Es un juego sin reglas, deciden la imposición y los aullidos. En la sopa de intereses económicos enfrentados, en el desfile narcisista de los egos que se inflan y se inflan hasta que estallan en llamas de ira, la calumnia, la maldad y los rencores gratuitos afilan los colmillos. Los viejos aliados pasan del abrazo melifluo a pegarse mordiscos.
Por aquí se degüellan la canciller ladina con el otro ministro que se confiesa adicto; el excanciller experto en pasaportes escribe a su exjefe epístolas detalladas de sus desmanes; al mismo jefe a quien veneraba y hacía genuflexiones cuando ya sabía perfectamente lo que hacía. El presidente le tira a la yugular a su escudero y guionista. En el norte el más delirante y el más rico, que no puede vivir sin dosis crónicas de ketamina, un día lleva a uno de sus X en hombros al despacho oval y un mes después denuncia que su jefe era asiduo de las bacanales de Epstein con muchachitas. Destruye en un santiamén todo lo que USAID hacía por la paz, por la salud, contra el racismo, contra el cambio climático, y en seguida se larga gritando que su jefe está loco y es perverso. ¿Estoy leyendo una saga más, actualizada, de la decadencia y caída del Imperio Romano? Aquí y allá.
¿Calígula, en algún desvarío de su mente errática, nombrará a su caballo de ministro? Por ahora ha encumbrado en el monte más alto, el de una justicia que en Colombia no existe, para preservar el orden constitucional que está gravemente amenazado por una ruptura autoritaria, al más alegre de los abogados contratado por miles de millones para redactar cartas de insultos contra los más dignos, fuera de memoriales repletos de leguleyadas y mentiras.
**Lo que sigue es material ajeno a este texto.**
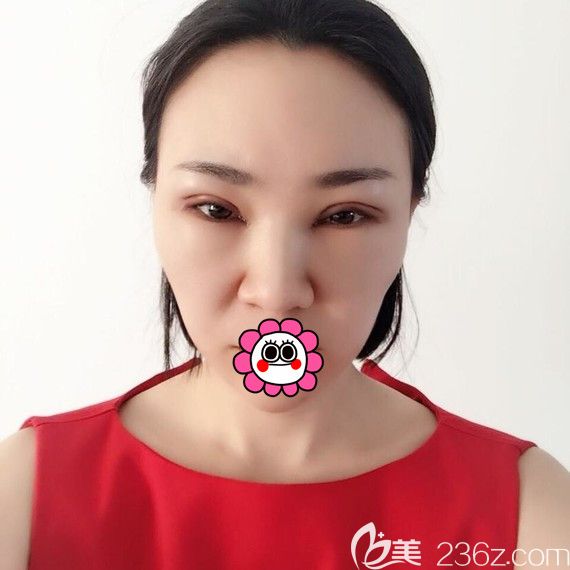 黑龍江瑞麗眼綜合手術(shù)5天效果 黑龍江瑞麗眼綜合手術(shù)5天效果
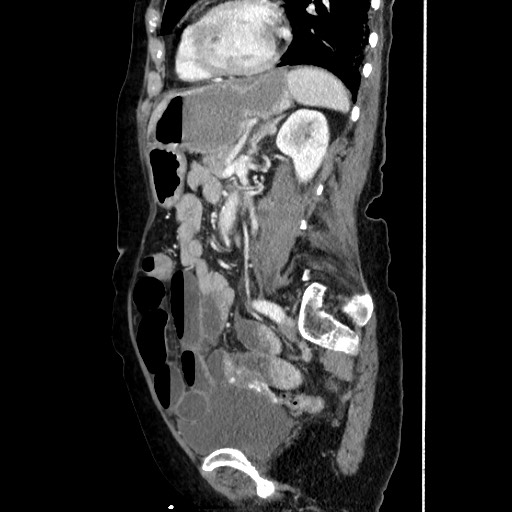 Closed loop small bowel obstruction due to adhesive band, with intramural hemorrhage and ischemia (Radiopaedia 83831-99017 D 122).jpg
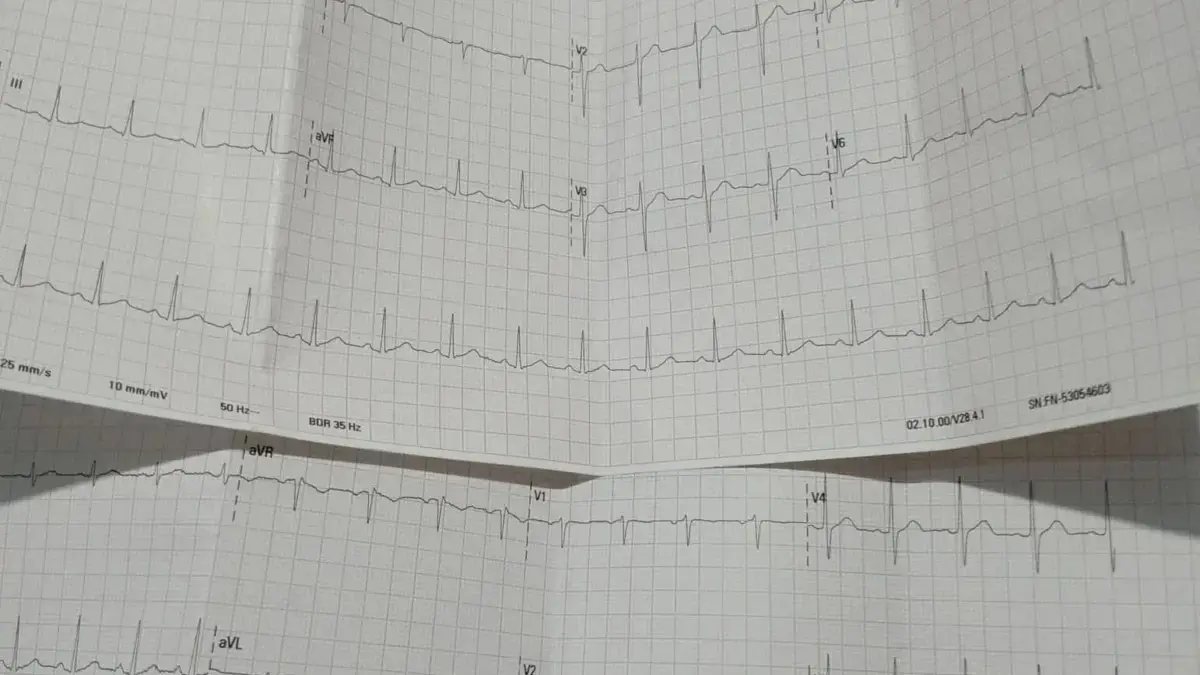 Warga Rancaekek Jalani Perawatan Jantung, Tiga Kali Laporan PLN Belum Merespons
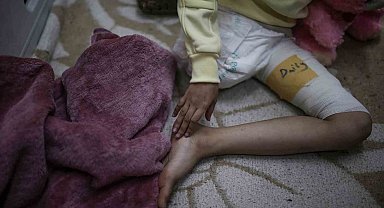 İsrail'in patlayıcı silahları 2024'te her gün 15 çocuğu engelli bıraktı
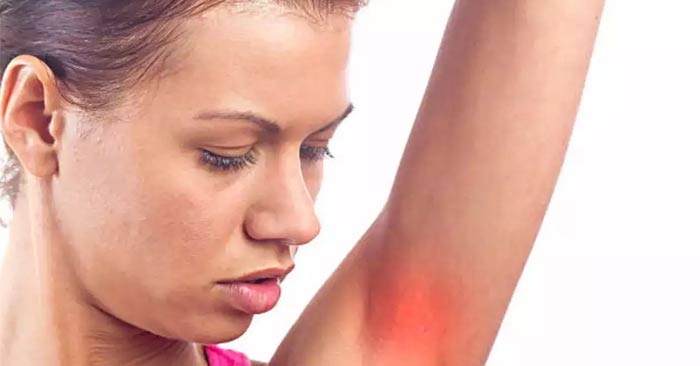 Is armpit itching a warning sign of cancer? Picture 1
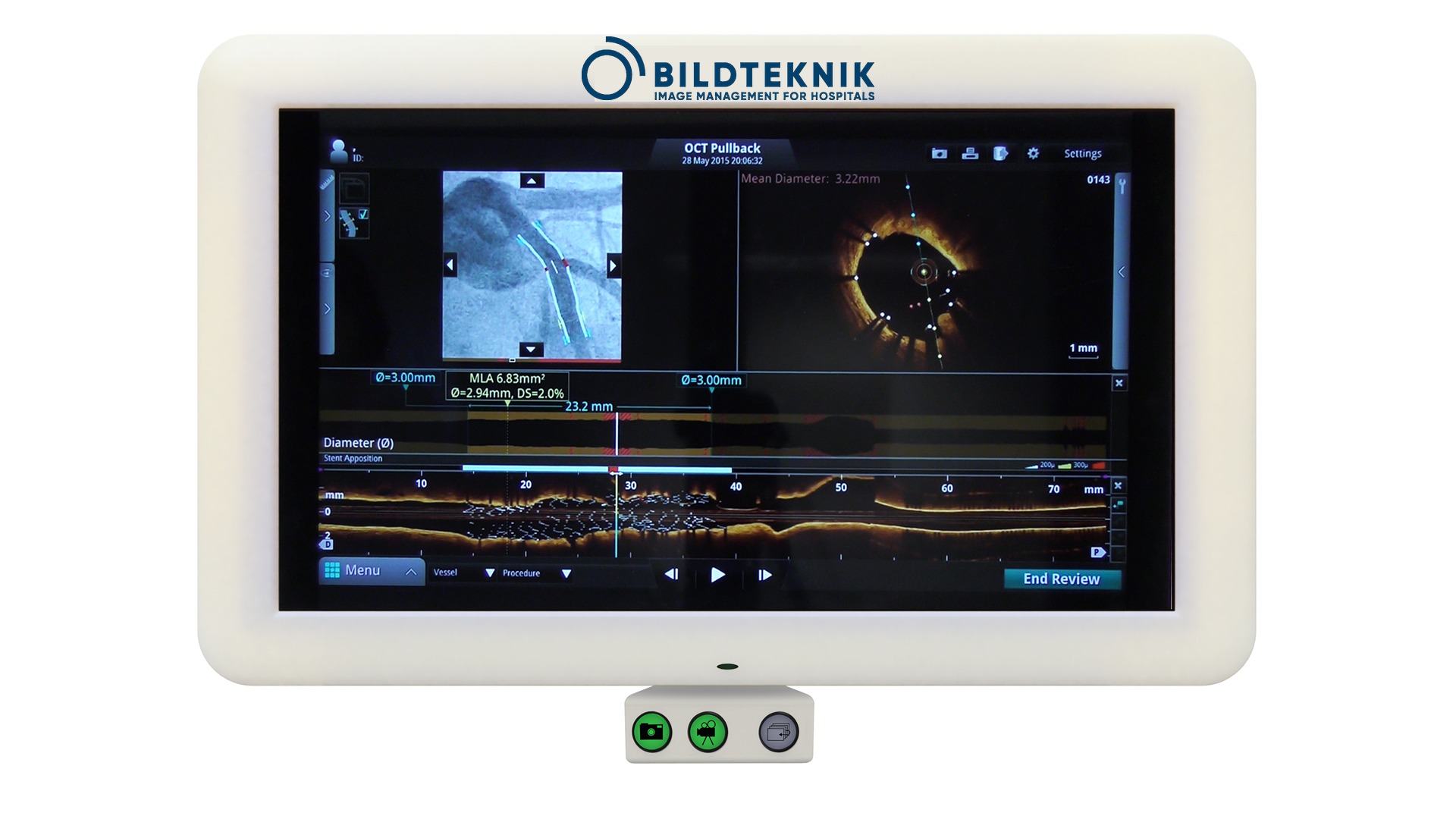 InVision cath lab monitor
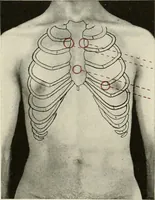 Picture 2 of 52 from Diseases of the heart and arterial system : designed to be a practical presentation of the subject for the use of students and practitioners of medicine / by Robert H. Babcock ... with three coloured plates and one hundred and thirty-nine illustrations. (1903), leaf 36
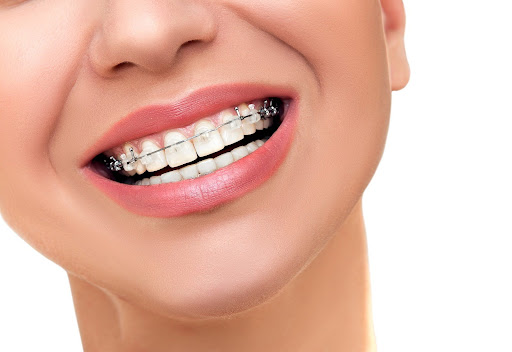 Close-up of an adult smile with braces, highlighting adult orthodontic treatment benefits
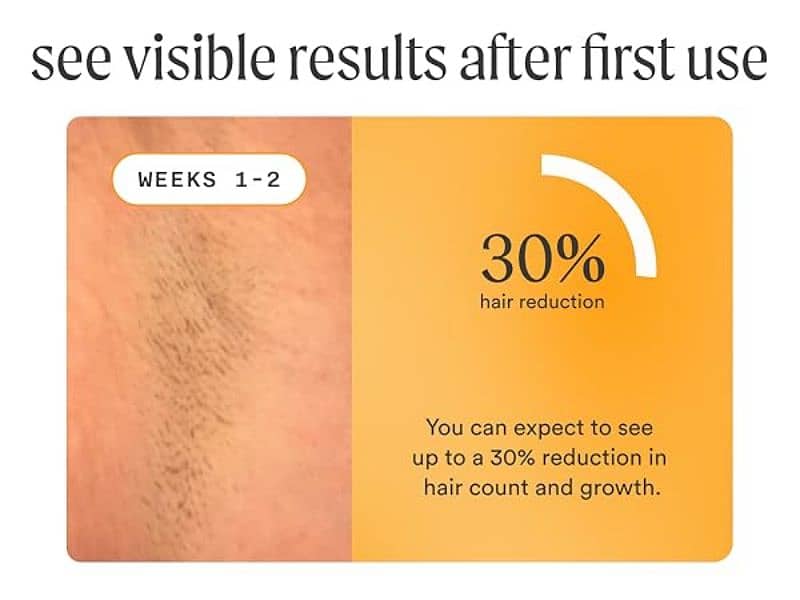Nood Flash 2.0 IPL Laser Hair Removal Device for Men and Women 7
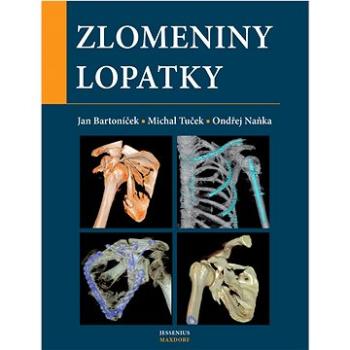 Zlomeniny lopatky (978-80-7345-690-0)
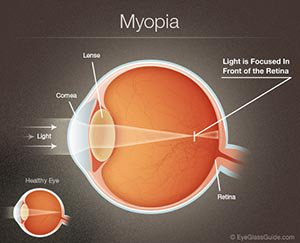 LaserEyeSV's tweet photo. What Causes Nearsightedness? #vision https://t.co/sNvGlIjIDP https://t.co/lbBBrH4oQF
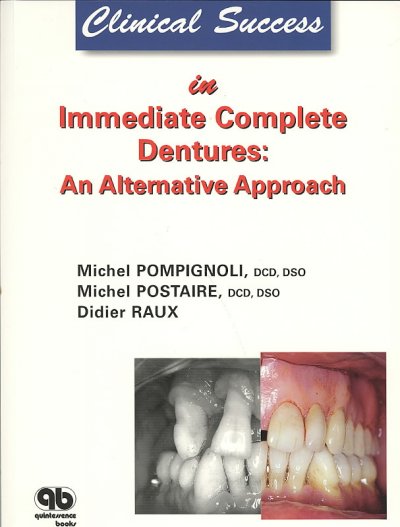 Clinical success in immediate complete dentures : an alternative approach / Michel Pompignoli, Michel Postaire, Didier Raux ; [English translation by Jay K. Weiss].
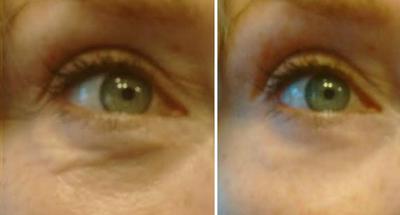 Eye Treatment Eyelid Lift Cream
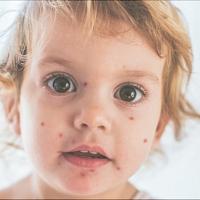 Скарлатина у детей в 3 года: признаки и лечение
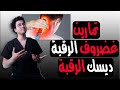تمارين علاج ألم غضروف الرقبة انزلاق غضروف الرقبة Cervical Disc 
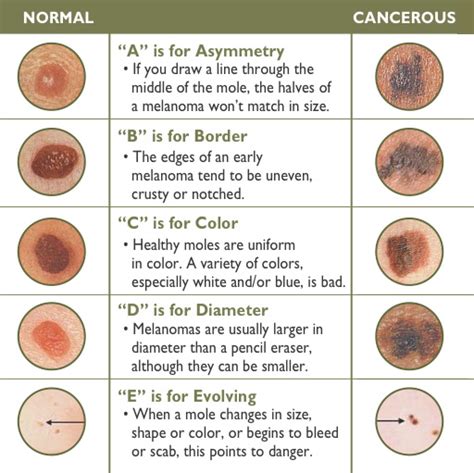 Symptoms of Melanoma: Learn the Early Signs of Skin Cancer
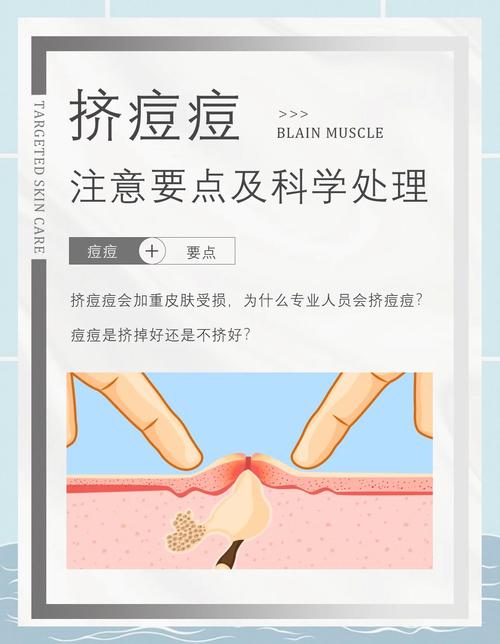 挤痘痘有什么危害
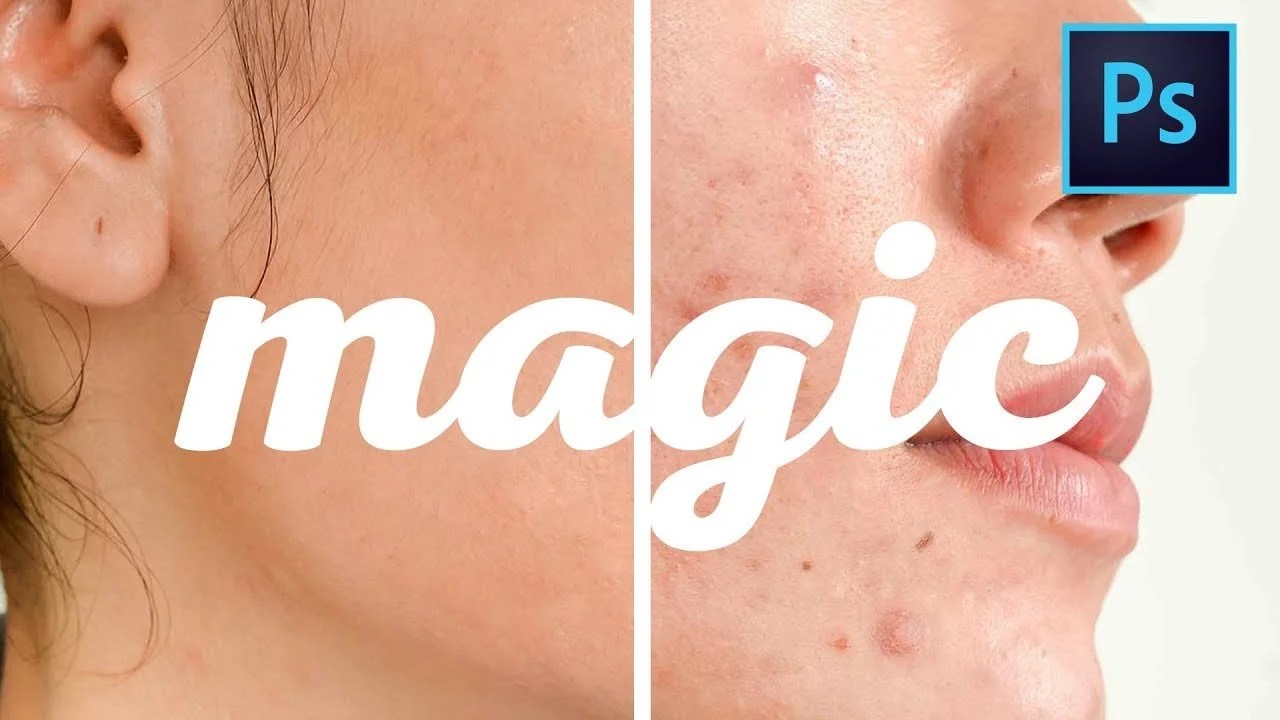 How to Remove Acne/Blemishes in CC ShutterRelease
Los países grandes y poderosos, cuando caen en manos de autócratas arbitrarios, autorizan a los más débiles a imitarlos por el mismo camino. ¿Qué es lo que hay que hacer? Lo que me dé la gana, y punto. No lo que digan las leyes, los pactos, los acuerdos, sino lo que griten las redes y los falsos cabildos (cerrados, contratados), después de preguntarles si quieren a los verdugos y sicarios de la oposición o a los mesías puros, buenos y salvadores del gobierno.
No, lo que pasa en el norte no es solo la extrema derecha ni lo que pasa aquí la extrema izquierda. Lo que hay es una peste, un estilo contagioso que se propaga como una pandemia: el autoritarismo arbitrario, abusivo, populista, violento, contra los principios políticos menos malos que aún subsisten en el mundo: la ilustración, la democracia, la libertad de pensar y discutir, la igualdad de derechos en la diferencia.